S1：Calculate the color characteristic of each pixel in video；

S2：Calculate the dynamic feature of each pixel in video；

S3：Calculate the textural characteristics of each pixel in video；

S4：The dynamic feature of each pixel in video, color characteristic and textural characteristics are subjected to Feature-level fusion, according to melting It closes gained feature and region segmentation is carried out to the visual field in video；

The step S2 includes the following steps：

S21：Convert video to gray processing video；

S22：Background model is built to each pixel in gray processing video；

S23：The number of the conspicuousness gray-value variation occurred on each pixel in statistics gray processing video, conspicuousness gray scale Value variation is defined as：Gray-value variation amplitude on one pixel is beyond the gray value set by background model on the pixel Normal variation range；

Wherein, ψ (i, j) |_tGray processing video is represented from start frame to occur on pixel at t frame time internal coordinates (i, j) Conspicuousness gray-value variation number；D (i, j) |_tPixel at coordinate (i, j) is represented in gray processing video from start frame The frequency of conspicuousness gray-value variation, i.e., the dynamic of pixel at coordinate (i, j) occur in t frame times.

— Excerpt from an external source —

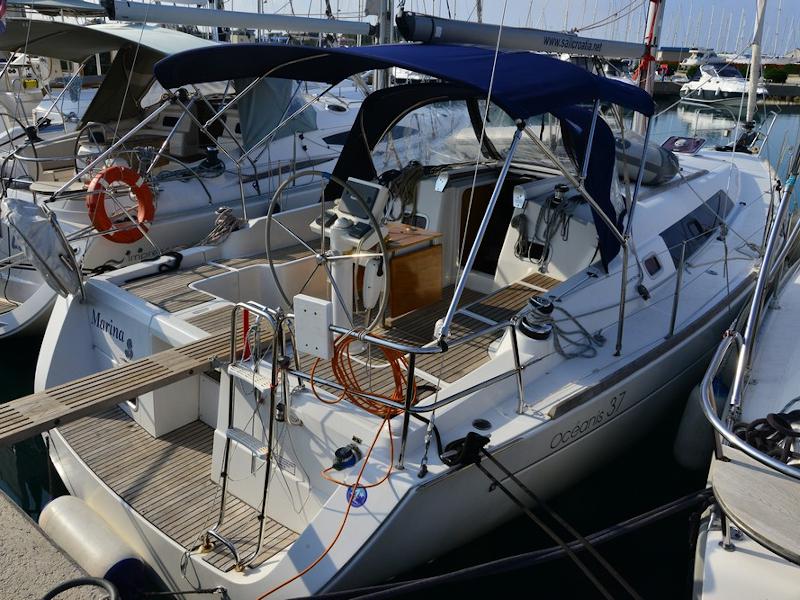 Book yachts online - sailboat - Oceanis 37 - MARINA - rent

2. a kind of field of view dividing method based on the fusion of video features layer according to claim 1, which is characterized in that The step S1 includes the following steps：

S11：One color feature vector based on RGB color is generated to each pixel of video, the RGB color is special Sign vector is as follows：

f₁(i, j) |_t=(R (i, j) |_t, G (i, j) |_t, B (i, j) |_t)

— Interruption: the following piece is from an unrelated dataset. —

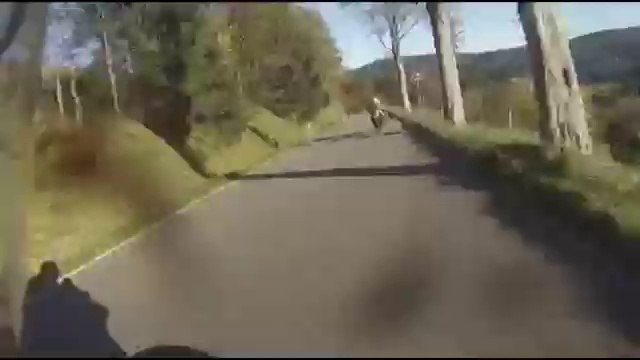 Yamaha R1 crossplane 09' VS R1 07' 315 km/h autobahn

Wherein, R (i, j) |_tRepresent pixel pixel on red color channel of the video in t frames at coordinate (i, j) Value, G (i, j) |_tRepresent pixel pixel value on green color channel of the video in t frames at coordinate (i, j), B (i, j) |_tRepresent pixel value of pixel of the video in t frames at coordinate (i, j) on blue color channels；

S12：The RGB color of video is converted into hsv color space；

S13：One color feature vector based on hsv color space is generated to each pixel of video, the hsv color is special Sign vector is as follows：

f₂(i, j) | t=(H (i, j) |_t, S (i, j) |_t, V (i, j) |_t)

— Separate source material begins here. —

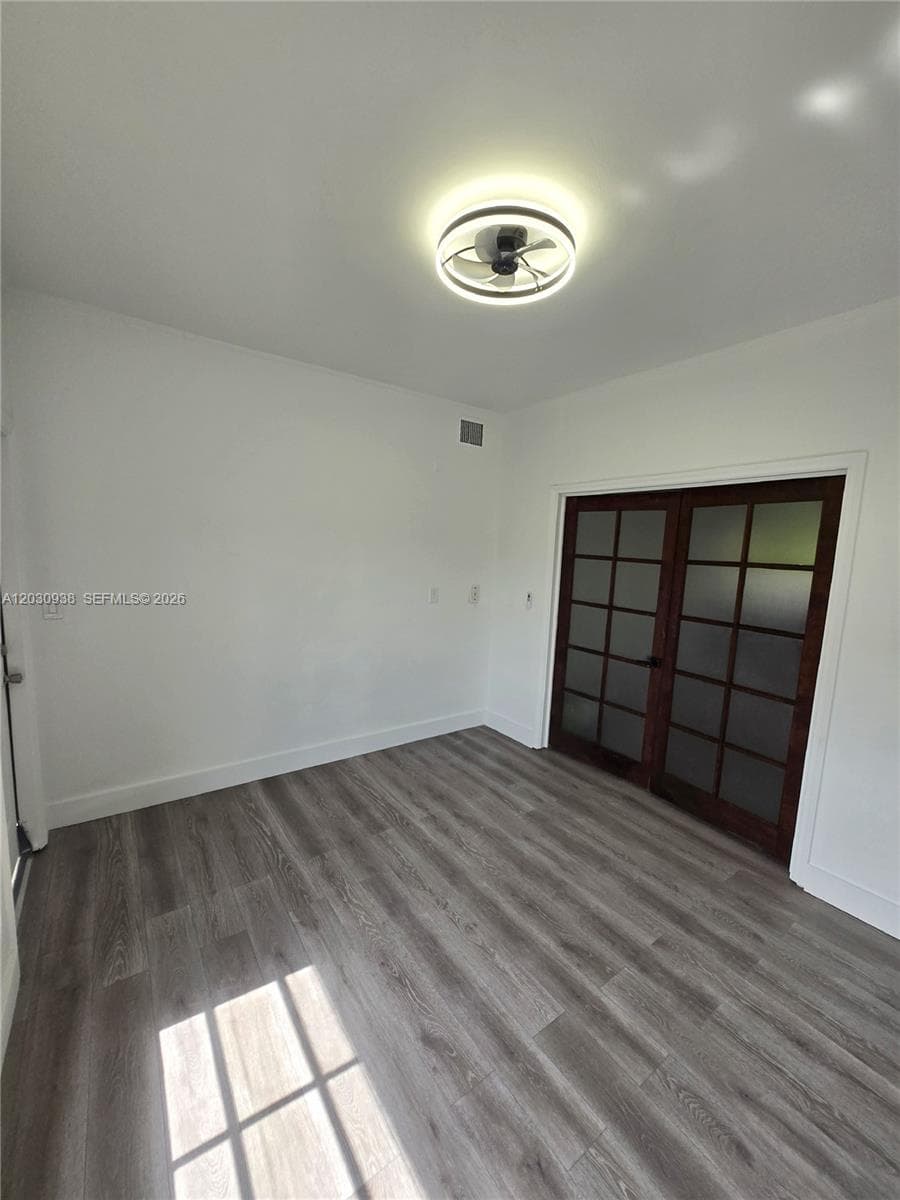 2131 Calais Dr 7 photo 6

Wherein, H (i, j) |_tRepresent pixel pixel value on tone channel of the video in t frames at coordinate (i, j), S (i, j) |_tPixel pixel value on saturation degree channel of the video in t frames at coordinate (i, j) is represented, V (i, j) |_tGeneration Pixel pixel value on luminance channel of the table video in t frames at coordinate (i, j)；

S14：Color feature vector based on RGB color is gone here and there with the color feature vector based on hsv color space Connection, generates a color feature vector based on double color spaces, which indicates as follows：

3. a kind of field of view dividing method based on the fusion of video features layer according to claim 1 or 2, feature exist In the step S3 includes the following steps：

S31：It converts video to gray processing video, gray processing video is calculated in t frames in coordinate using original LBP operators The LBP texture values of pixel at (i, j), and as the 1st texture eigenvalue W of the pixel₁(i, j) |_t；

S32：The LBP textures of pixel of the gray processing video in t frames at coordinate (i, j) are calculated using round LBP operators Value, and as the 2nd texture eigenvalue W of the pixel₂(i, j) |_t；

S33：1st texture eigenvalue of pixel of the gray processing video in t frames at coordinate (i, j) and the 2nd texture is special Value indicative is combined as the texture feature vector of the pixel, i.e.,：f₄(i, j) |_t=(W₁(i, j) |_t, W₂(i, j) |_t)。

4. a kind of field of view dividing method based on the fusion of video features layer according to claim 1 or 2, feature exist In the step S4 includes the following steps：

S41：The dynamic feature of each pixel, color characteristic and textural characteristics in video are subjected to Feature-level fusion, are obtained Fusion feature vector；

S42：Automatically cluster minute is carried out using the fusion feature vector on all pixels point in video when clustering method pair t frames Analysis；

S43：All pixels being classified as by clustering corresponding to a kind of fusion feature vector are divided into same The region segmentation to visual field in video is completed in region.